Going global and commercial
The future growth and prosperity of the sports market will be inextricably linked to the development of TV rights and associated sponsorship in a way that will change the essence of many sports, as well as the way facilities are designed and grassroots sport is organised. This was the message from the International Herald Tribune Sports Business Summit, held recently in Istanbul, Turkey.
We're moving from a time when sports are televised only if they're telegenic, to one where they're adapting themselves to be 'televisable' in a way that's altering their fundamental nature. Delegates heard how the America's Cup sailing - originally thought to be an untelevisable sport - has adapted in two ways, firstly by rigging boats with cameras and the crew's with heart rate monitors and microphones to enable close-up camera work and secondly by the creation and marketing of a 'stadium sailing' concept - close-fought races which take place in bays with headlands. Both concepts enable spectators to enjoy the action and drama close-to.
Cricket was given as another example - the game now comes in three formats - a five-day test, a 50-over game and Twenty20 cricket. With these options up its sleeve, the International Cricket Council (ICC) is looking for new markets to win over. Examples were given of everything from Masai Warrior Cricket (apparently spear-throwing skills are transferrable) through to breaking the Afghan market, which is seen as ripe for development. Film director Sam Mendes has even made a film about it called 'Out of the Ashes: Afghanistan and Cricket'. The ICC wants to develop more markets like Pakistan, where half the population - 550m people - are cellphone users and there are opportunities to develop lucrative sponsorship income around this technology.
Finding ways to break into new global markets was a big theme of the conference and in an excellent case study of Major League Baseball (MLB), Jim Small, VP of Asia for MLB explained how the sport targets growth by understanding what drives attendances at games. He contrasted the US - where research showed 54 per cent of 'moms' are baseball fans, make decisions about attendance and see it as entertainment, meaning actual participation in the sport isn't the main driver of attendance - with China, which MLB has targeted for growth, but where actual participation in the sport is the main factor which drives people to attend games.
As a result, MLB is getting involved with sport in schools in China with the aim of growing interest in baseball from the grassroots up, with its eye on the prize of high game-day attendances, TV rights and sponsorship riches in a market that's so huge, "if you're one in a million, there are 1,400 of you".

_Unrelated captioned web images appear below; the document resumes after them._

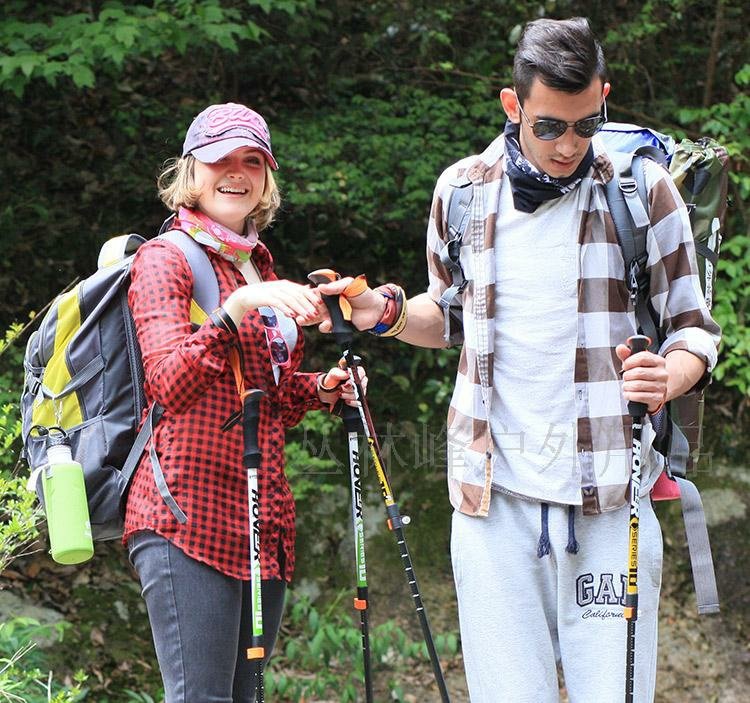 Chính hãng tiên phong trekking ngoài trời cực carbon siêu nhẹ gậy kính thiên văn khóa ba phần đi bộ gậy cầm thẳng gậy ba chân để điện thoại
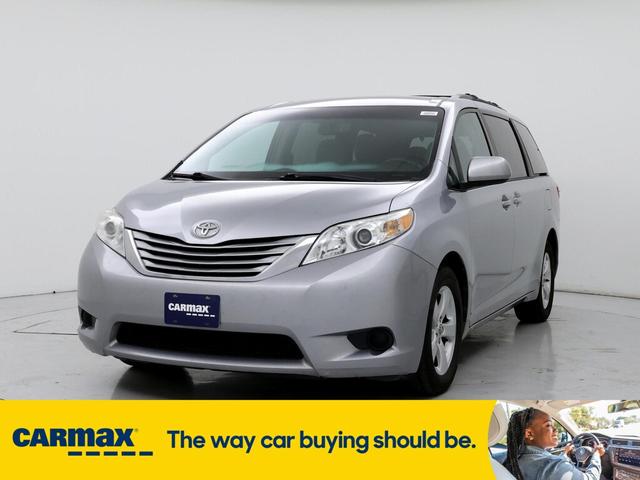 2017 toyota sienna le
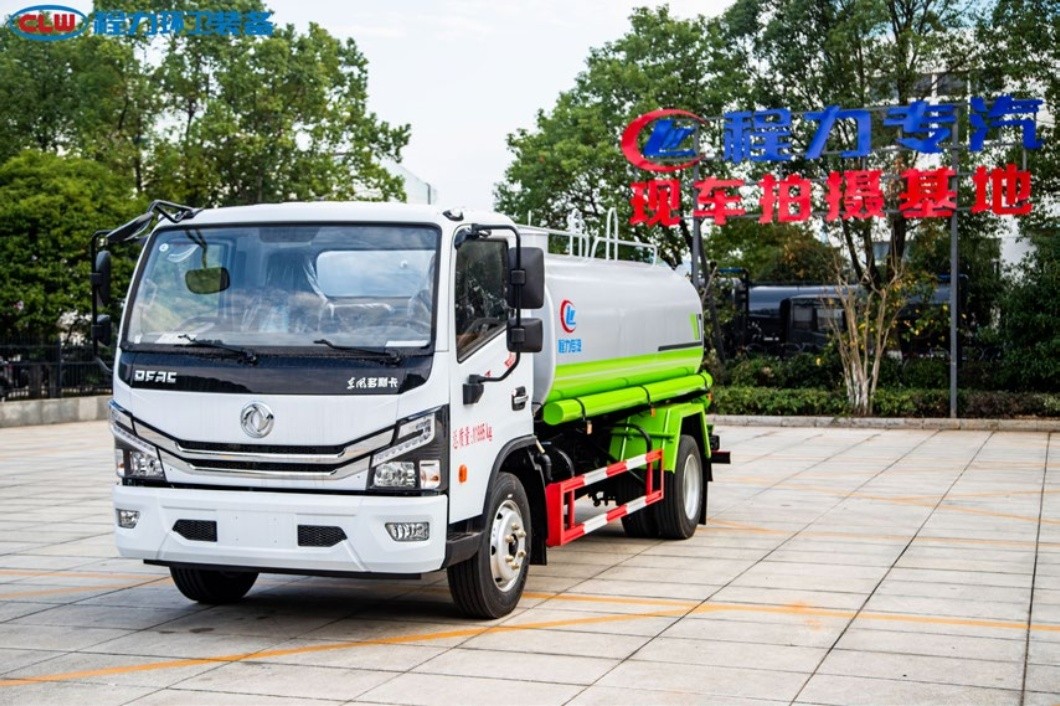 DONGFENG 4x2 spraying truck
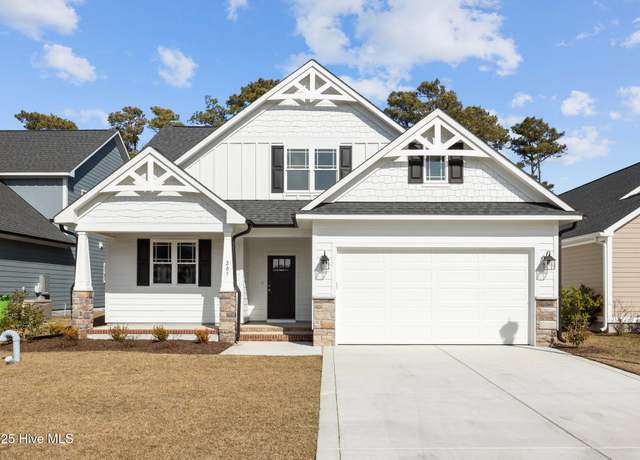 Property at 207 Taylorwood Dr, Beaufort, NC 28516, 3 beds, 2.5 baths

Small said it takes generations to create a truly global 'sports property', but you know you've made it when the passion is passed down the generations from grandparents to parents and then to children. "It's a long-term play," he concluded.
This focus on growth, change, TV rights, sponsorship, globalisation and the commercialisation of sport is coming fast and will fundamentally change the way sport and sports facility provision operates in ways we are only just beginning to understand.